A hipocrisia acabou desmontada pela jornalista Lucia Annunziata, que
já presidiu a RAI, televisão estatal. Disse ela que os funerais estavam a
representar um dos exemplos fortes do que significa ser gay, numa
referência à Itália sob influência vinda do outro lado do Tevere, ou
seja, da Santa Sé: “Enterra-se com rito católico desde que não se
propale o fato de o falecido ter sido gay”. O papa Ratzinger já deixou
patente a intolerância da Igreja, embora tivesse tentado consertar a
colocação de considerar o homossexualismo uma doença. Esse caminho
obscurantista ainda é trilhado no Brasil pelos evangélicos, que acabaram
de receber o Ministério da Pesca para refrear o fanatismo, embora
continuem a querer do governo postos psiquiátricos para reversão da
orientação sexual considerada pecaminosa.

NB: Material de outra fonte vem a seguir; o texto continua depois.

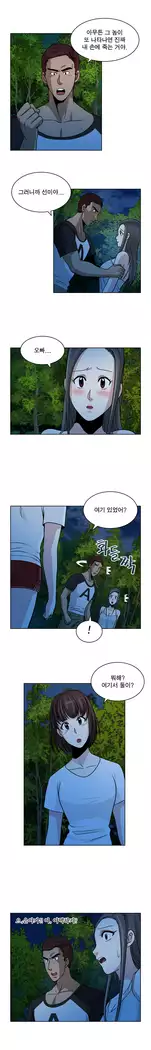 Do you Want to Change Partners Ch.0-25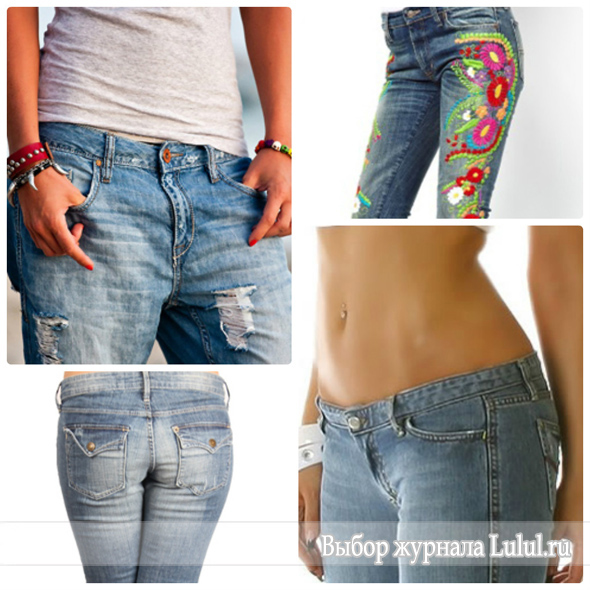 Как правильно подобрать джинсы по фигуре, кому какие модели выбрать и с какой посадкой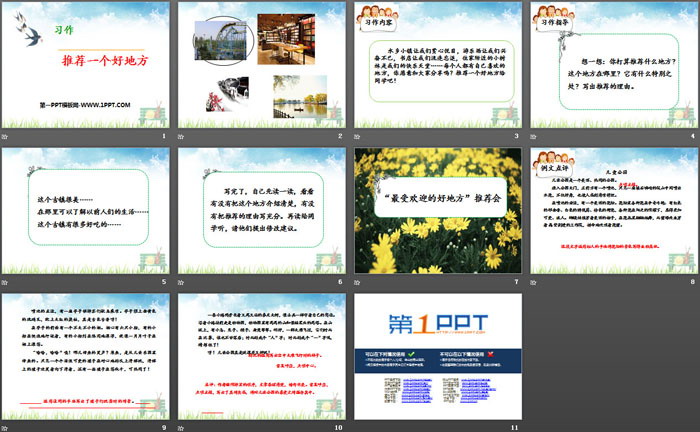 《推荐一个好地方》PPT（2）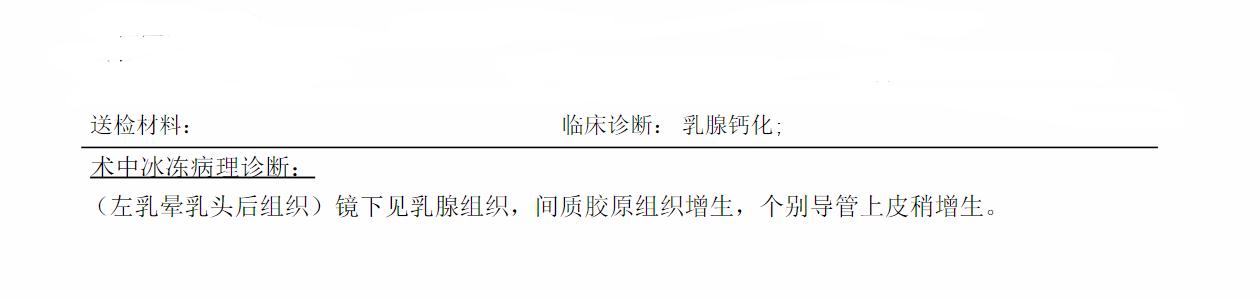 乳腺癌多大肿瘤要切除乳房,乳腺癌中晚期切除胸部能治愈吗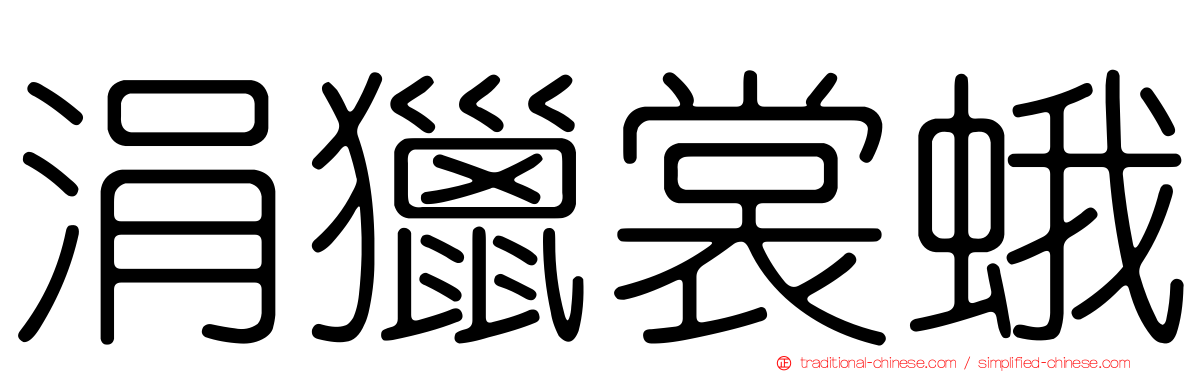 涓獵裳蛾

No caso do médico Tapajós, que não obteve sucesso na tentativa junto
ao CAP de colocar como seus dependentes o companheiro e a filha deste, o
juiz Zarvos Varellis, ao decidir a lide processual instaurada, lembrou
que o STF reconhece como entidade familiar, à luz dos direitos
fundamentais da Constituição, a união estável entre pessoas do mesmo
sexo. Para o CAP, onde se quer que o estatuto prevaleça à Constituição,
união estável só entre homem e mulher. Certamente, terão os conselheiros
as bênçãos de Ratzinger e da bancada evangélica do nosso Parlamento. A
propósito, convém recordar o observado pelo desembargador Francisco de
Paula Sena Rebouças, na sua recém-lançada obra Uma República Provincial
(Ed. Manole), “somos herdeiros de uma cultura autocrática que, a partir
do absolutismo monárquico, passou pelo mandonismo do senhor das terras e
dos escravos, pela prepotência das botas e seus maquiavélicos tacões”.